Wednesday, 16 April 2014

Locke Review

One location films have been successful through the years. From films such as Phonebooth, Red Eye and Flightplan have proven that with a tight enough script, you can create a tense and entertaining film set in a single location. It does all come down to the script, though. WIthout a good script, you could end up with Snakes on a Plane...Eek! With this, comes Steven Knight's new film, Locke.  A film where the whole story takes places inside the confines of a car, and with Tom Hardy as the only actor on screen. But just how well does it work?

Firstly, the script it utterly fantastic. It wastes very little of its short running time and overall is a captivating and rewarding film with a terrific central performance. Steven Knight has crafted such great characters. They're real characters and each of them have their own personalities and yet we don't even see them on screen. Knight is quoted in saying: "'I wanted to do something quite different, in a confined space, about a guy whose life changes during the course of one car journey. And we never leave the car." And that is literally what happens.

As he takes to the road he is seemingly a man in control of his destiny, determined to do the right thing only for everything to slowly unravel. Through conversations on the phone he tries to negotiate an emerging crisis at work with his boss and an evolving domestic situation with a concerned wife and sons desperate to have their dad home to watch the football.

It's relentless - call after call we see Locke drift into despair. It's heavy and emotionally exhausting. Relentless is an apt adjective. The films roller coaster script was completely reverting as the juxtaposed character interactions went from making you laugh out loud to bringing a tear of compassion to your eye.

Clocking in at just under 90 minutes, Locke is refreshingly short and never over stays its welcome. The narrative is so constant that even when Hardy is not in hands- free phone switchboard mode, we capture another underlying story. Locke provides just as much a character journey as it does a car journey.

It is testament to Hardy's acting nous that he can pull off such a taught, powerful performance solely based on reactions to the increasingly dramatic phone calls. Locke is unrelenting in his belief of doing the right thing and we see why when he has imagined conversations with his father, an apparently neglectful and emotionally absent figure in his life. These scenes in particular are beautifully shot with the use of Locke looking into the car mirrors for the man who isn't there. 

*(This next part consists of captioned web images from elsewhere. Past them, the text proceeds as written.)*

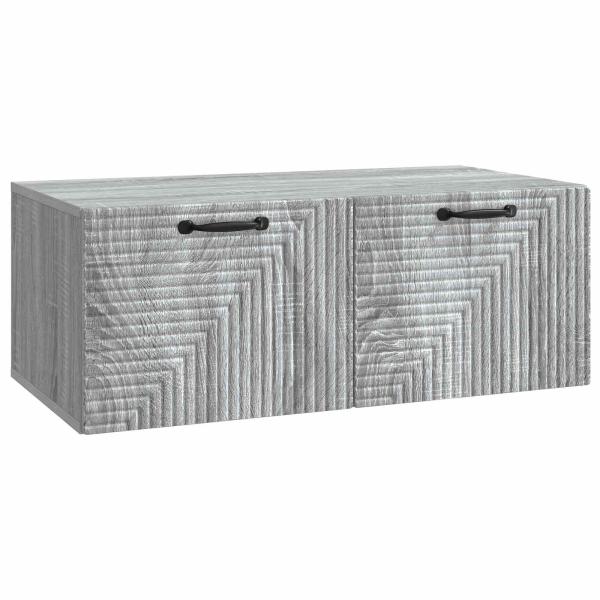 Wandmontierter TV-Schrank Graues Sonoma 78,5 x 41 x 30 cm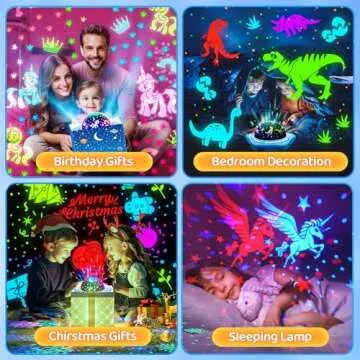 One Fire Night Light for Kids, 96 Lighting Modes Star Projector 360° Rotating+6 Films Kids Night Light Projector,Rechargeable Baby Night Light Ceiling Projector for Bedroom,Kids Gifts&Kids Room Decor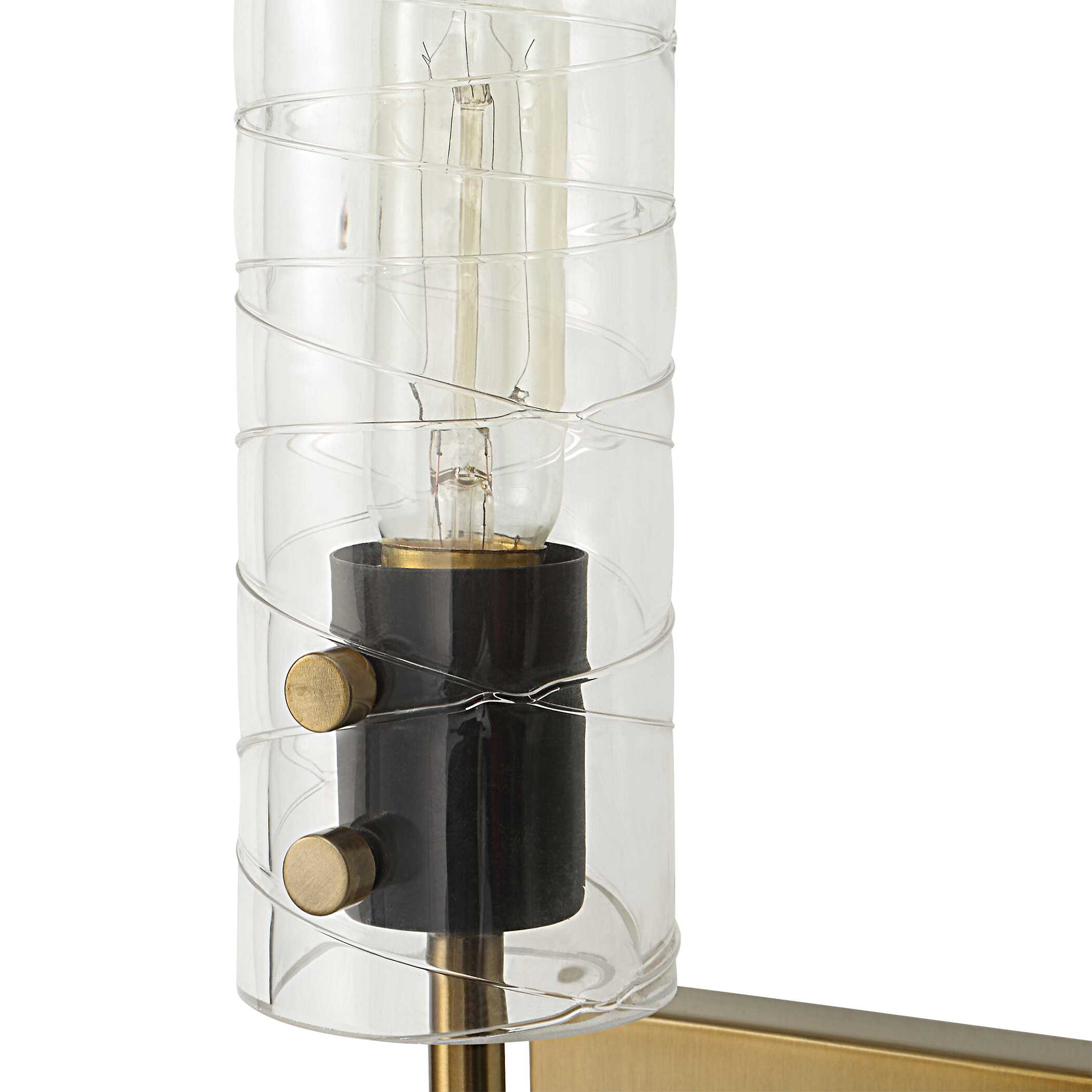 Telesto 1 Light Brass Sconce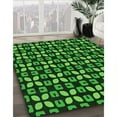 thumbnail image 2 of Ahgly Company Indoor Rectangle Patterned Lime Green Area Rugs, 5' x 8', 2 of 6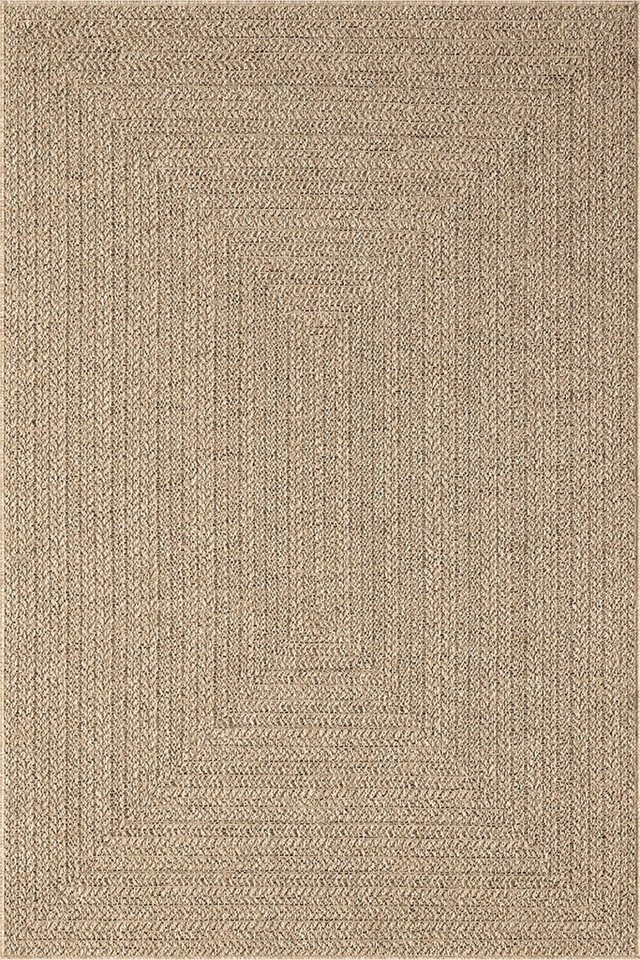 The Carpet Kansas In- Und Outdoor Teppich Im Natürlichen Jute-look, Wetterfest, Geeignet Für Terrasse, Natur, 120 X 170 Cm Bild 4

However, his Welsh accent is squiffy to say the least. It's not that it's bad, it's just really forced and unnatural. It's clear that Hardy isn't Welsh and it takes away from his performance. Also, there was no real need for him to be Welsh. The film wasn't set in Wales and the other characters had a mixture of accents. It was an odd decision to say the least. 
Apart from that, though, it's a wonderful film that deserves a lot of credit. Hopefully this will shortly be recognised as a seminal British feature film. A remarkable achievement, story telling and performance at the very highest level and hugely entertaining. Collaboratively it's nothing less than a cinematic tour de force. Filmed in just eight nights and with very low budget, the film is literally a lesson of how unique and quite fantastic minimalist cinema can be.